Title: Re: EV1100 Loose Shift Arm, Symptoms and Solutions
Post by: dguzzi on August 02, 2025, 05:45:30 PM
I THINK you're talking about #14 (LEVER ASSY A #30256960) and #13 (BALL JOINT #18258101, use 32258110) in this diagram?
https://harpermoto.com/collections/2003-2005-california-ev-pl-cat-1100-gear-lever
   Yes, the cumulative play will be a problem----thank you for the post of those parts! Now I can go check mine.
Title: Re: EV1100 Loose Shift Arm, Symptoms and Solutions
Post by: Tom H on August 02, 2025, 07:02:54 PM
With your lever to trans shaft solved.

You look like you need to look at the..Ummm...bellcra nk. The lever bit that has the big bolt through it and the frame. You "may" need new bushings in it or just adjust the bolt and it's lock nut to take up some slack. Depending on your skill, a new/good used bellcrank and it's bolt might be a good way to go??????

Going to the farther out hole "may" help your issue, but not solve it provided I viewed the video right.

Your rod ends/heim/spherical rod ends look like they are good/OK to me.

I do not see the arm to trans shaft moving or the joints having excessive slop. I would take up some slack in the bellcrank bolt and ride it and see if it's better.

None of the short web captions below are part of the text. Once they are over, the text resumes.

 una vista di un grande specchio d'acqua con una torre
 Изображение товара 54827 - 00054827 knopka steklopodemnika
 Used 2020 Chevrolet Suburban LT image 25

You don't want to see the slop in the bushings on my Loops that shift decently. But solving them is a whole different game due to needing to change the pivot shaft diameter on my police footboards to make them perfectly round again and then finding/making bushings to fit.

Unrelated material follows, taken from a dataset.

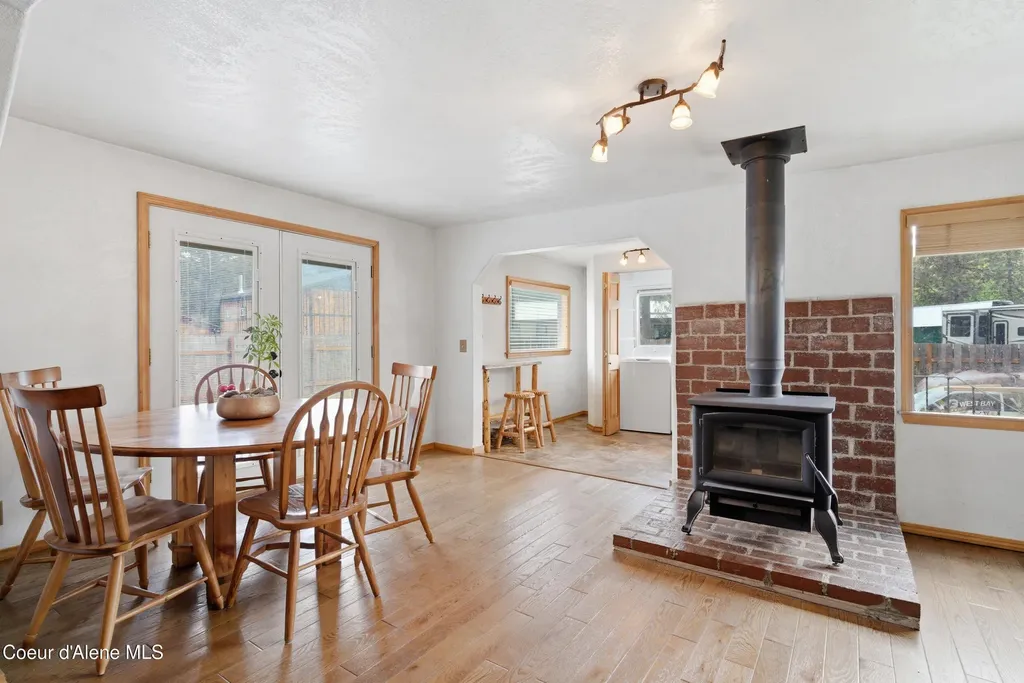 516 West Fork Pine Creek Road Pinehurst ID 83850
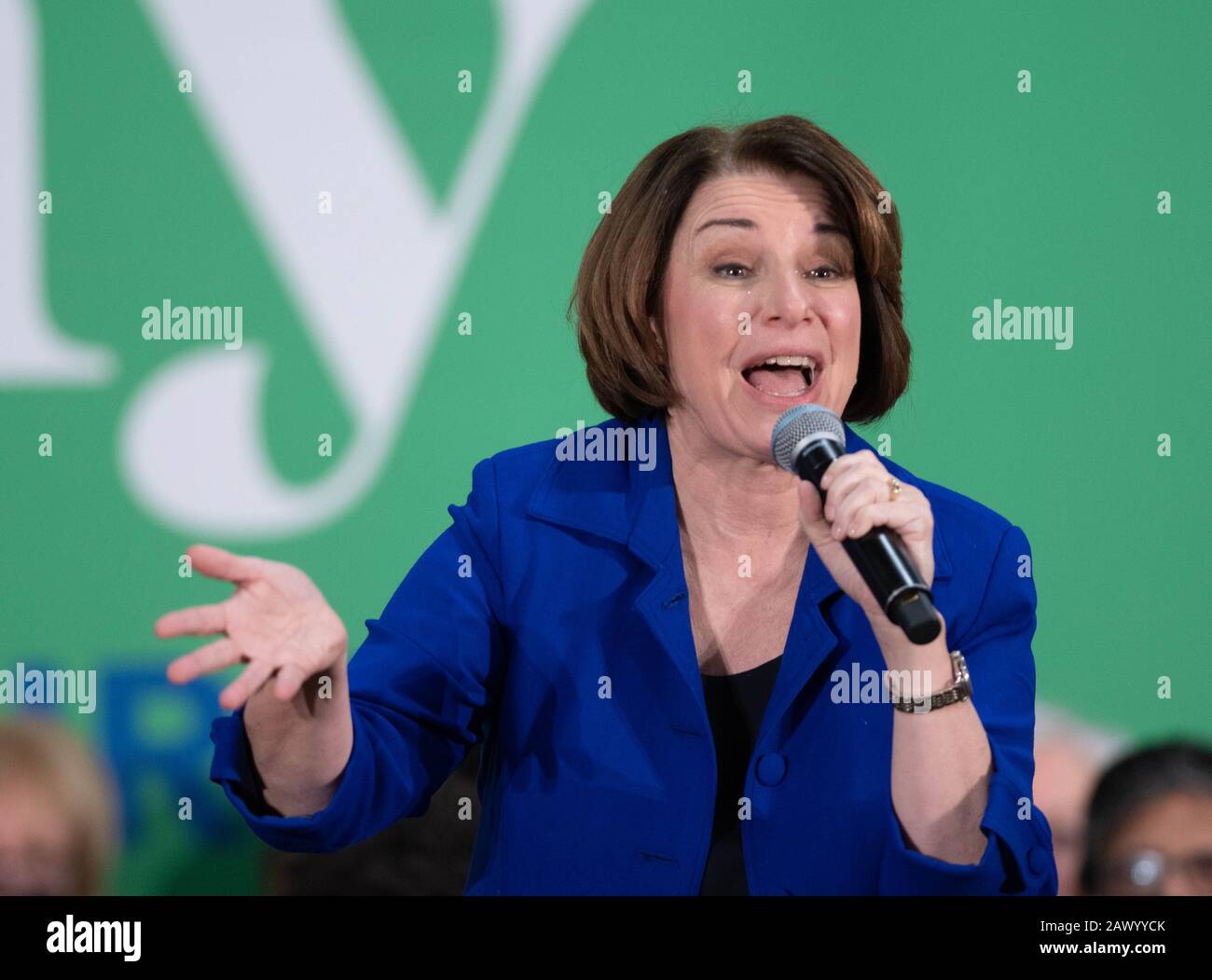 Il senatore statunitense Amy Klopuchar, un democratico del Minnesota, parla a un raduno a Nashua, N.H., il 9 febbraio 2020, durante la primaria presidenziale del New Hampshire. Foto Stock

Neutral...AGAIN...j ust tap the heel and it slips right in!

Tom
Title: Re: EV1100 Loose Shift Arm, Symptoms and Solutions
Post by: 73 sport on August 03, 2025, 07:24:51 AM
     I replaced the micky mouse shift linkage on my '73 Sport with 1/4" Heim joints, one with male threads, one with female threads, allowing a large range of adjustment and a solid feel to shifting.